Lee, West Midlands - dis_connectedAThotmail.co.uk
Now that I’m a dab hand at devouring perzines (and have encountered many perzines that feel too similar for my liking), it’s rare that I encounter a real page-turner of a perzine that draws me in from the beginning. 'Larry' is one of these rare zines! It’s packed full of short reflective columns about recent events in Lee’s life, such as meeting a preachy Christian on the bus, dealing with annoying customers at work, and trying to stop worrying so much. We read some longer pieces on the perils of smoking, feeling awkward at zine fests (me too!), social networking as the “desire to assert through technology that you exist”, and ethically sourced food and clothing. There’s also an interesting how-to guide on practicing line drawings.

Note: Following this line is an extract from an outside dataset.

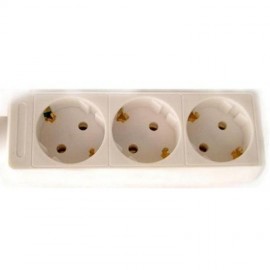 Multi-socket 3 plugs Without switch White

Each written column/article was just long enough to tell the story in depth, but not so long as to be self-indulgent, or a chore to read. I identified with so much of Lee’s writing – he seems like a thoughtful, politically-minded chap with a lot of interesting things to say about the world around him. I also loved the artwork inside the zine – Lee is an illustrator, and every page is decorated with his distinctive scratchy-lined hand-drawings, sometimes as background images and sometimes as illustrations to accompany his written work (an example page can be found here). Each copy of 'Larry' is hand-tied, numbered, and has a little window cut out of the cartridge paper cover revealing a cute hand-drawn squirrel - I love little personal touches like that. This is one of the best zines I’ve read for ages, I highly recommend it!
Punching Dough #1
Sarah, Newport – iamatomatosardineATgmail.com
A quick fun perzine, 'Punching Dough' touches upon lots of diverse topics, including why the author loves London, her feelings about her home city of Newport and her favourite places in the city, her love for comedian Stewart Lee, thoughts about blogging (written by a guest contributor), and some of her favourite blogs. We also read typical perzine staple pieces – a recipe for caramel croissant pudding (yum!), lists, and some zine recommendations. Very scruffy and personal, full of stickers and cut-and-paste text laid on magazine clippings, which I like; I only wish it was longer!
My Zine #4 & #8
Alyssa, UK - www.lightsgoout.co.uk/shop
Written by the daughter of Mr T, owner of Lights Go Out zine distro, 'My Zine' features Elyssa’s colourful and creative hand drawings. I’m not even sure what most of the drawings are, but maybe deciphering them is part of the fun! #8 was my favourite of the two, as it included a cute self-portrait, and a frankly scary drawing of three bears who loom menacingly over Goldilocks sleeping in their bed, baring their pointy fangs! I showed these zines to my mum when they first arrived in the mail, and we both spent a good few minutes cooing over them. So cute!